Il mercato del private capital ha visto una crescita significativa sia a livello internazionale sia in Italia, accompagnata da cambiamenti nei modelli di business. Questi temi sono stati al centro del Convegno annuale AIFI, svoltosi presso Assolombarda con il contributo di KPMG.
“La raccolta di capitali e gli investitori istituzionali sono cambiati nel tempo, mentre a livello internazionale, quelli tradizionali hanno incrementato il peso degli asset alternativi nel proprio portafoglio, e al loro fianco sta ricoprendo un ruolo sempre più importante la ricchezza privata come asset manager e family office, in Italia la raccolta rimane la parte più complicata dell’attività, anche se ci sono alcuni segnali confortanti e le performance del mercato risultano molto positive” - afferma Innocenzo Cipolletta presidente AIFI.
Nel mercato italiano, 24 operatori di private equity e venture capital adottano un focus tematico, con la metà concentrata sulla tecnologia. Inoltre, 15 operatori hanno ampliato le asset class offerte, trasformandosi in piattaforme multi-asset. Sempre più asset manager includono investimenti alternativi nelle loro strategie.
A livello internazionale, i cinque maggiori fondi di private equity tra il 2022 e il 2024 hanno raccolto oltre 100 miliardi di euro, con gestori americani che superano i 100 miliardi di dollari in asset. In Italia, invece, gli operatori gestiscono importi più contenuti: oltre la metà ha meno di 200 milioni di euro in gestione.
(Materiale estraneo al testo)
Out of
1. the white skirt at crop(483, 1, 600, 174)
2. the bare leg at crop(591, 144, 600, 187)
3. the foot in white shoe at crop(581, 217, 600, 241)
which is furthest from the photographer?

“Nel 2024, a livello globale, inflazione e tassi d’interesse sono diminuiti, creando condizioni più favorevoli al mercato M&A – commenta Stefano Cervo, Partner KPMG, Head of Private Equity. Nel Private Equity i valori degli investimenti e degli exit sono aumentati e sono tornati i mega-deal. Gli exit restano comunque ai livelli più bassi del decennio, creando pressioni sulle distribuzioni agli investitori. Nonostante l’attuale incertezza macroeconomica e geopolitica, la liquidità disponibile ed il numero di asset in portafoglio degli operatori che dovrà arrivare sul mercato ci rendono moderatamente ottimisti anche per il 2025”.
In Italia, i private equity domestici chiudono operazioni più piccole, con una media di 16 milioni di euro, rivolgendosi a Pmi familiari in crescita. Gli operatori internazionali investono mediamente 55 milioni per operazione, con notevoli differenze: gli americani raggiungono i 104 milioni, gli anglosassoni 84 milioni, mentre i francesi si focalizzano sul mid market con 32 milioni. Le operazioni di venture capital hanno una media di due milioni, mentre quelle infrastrutturali si attestano a 175 milioni.
Nel private debt, gli investimenti medi sono di otto milioni per gli operatori domestici e di 40 milioni per gli internazionali. Anna Gervasoni, direttore generale AIFI, sottolinea che questa eterogeneità di attività e dimensioni è fondamentale per rispondere alle esigenze del tessuto industriale italiano.